Using Elixir for Data Science and Machine Learning

I see that this post is from 2016 and quite a lot has probably changed since then. I’m curious to hear your experiences with using Elixir/Erlang for AI and neural networks since then, if you’re still at it.

2 Likes

I stumbled upon these amazing blog post by @TheQuengineer :

http://www.automatingthefuture.com/blog/2017/2/20/deep-learning-building-and-training-a-multi-layered-neural-network-in-elixir

http://www.automatingthefuture.com/blog/2016/11/30/training-elixir-processes-to-learn-like-neurons

Perhaps they will be useful to others who follow this thread.

3 Likes

This is going to sound harsh, but those posts seem quite naive - a three layer neural network is not “deep learning”, and using Erlang/Elixir processes as individual neurons would scale terribly. DL networks are essentially a pipeline of tensors that transform input tensors into output tensors. Horizontal scaling via distributed computing is horribly inefficient for this - you need massive hardware parallelism, e.g., GPUs via CUDA. Elixir might have some promise as a front end to TensorFlow or another C/C++/Rust library, but IMO implementing things in pure Elixir is a non-starter for anything but toy problems.

6 Likes

Yes, I agree with what you’re saying, @jamesnorton. I found those articles to be interesting nonetheless, despite the limited practical utility of the proposed approach.

I don’t see many blog posts and articles about using Elixir for machine learning and deep learning in particular, likely due to the limitations you mentioned. I’m easily excited.

I welcome any writings on the subject, if only as food for thought :slight_smile:

As you can see in my post above from a couple of days ago, I share your concerns about the computational aspects of machine learning in pure Elixir, accessing GPUs via CUDA, etc.

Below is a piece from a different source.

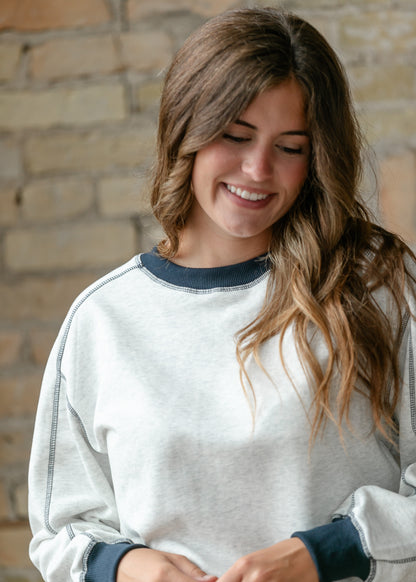 Contrast Stich Round Neck Sweatshirt FF Tops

Personally, I’m more hopeful about the possibilities of using Elixir for the non-computational and operational aspects of data science, such as data gathering and wrangling, model serving/exposure, model distribution for federated/collaborative learning, monitoring model behaviour, etc.

1 Like

I am not a Data Scientist but interested in the subject and stumbled upon this library. Have not tried or tested it but since it was mentioned that for any serious machine learning you would need access to CUDA for GPU processing I thought this could be of interest to you.

The library has not been updated in a while but it seems someone already looked into CUDA bindings for Elixir/Erlang.

2 Likes

OpenCL seems better than CUDA as then you’d be able to use other streaming processing, FPGA’s, etc… etc… CUDA locks you in to nVidia hardware only when there is so much other available hardware. Even if you did just want to constraint yourself to GPU’s then Vulkan’s compute layer would be the way to go, not CUDA.

1 Like

This Erlang library for OpenCl might be worth checking out then. Its been around for a while it seems but has been recently updated https://github.com/tonyrog/cl. Should be semi-compatible with Elixir.

2 Likes

Disclaimer: I’m not a GPGPU expert. Please be skeptical about what I’m about to say.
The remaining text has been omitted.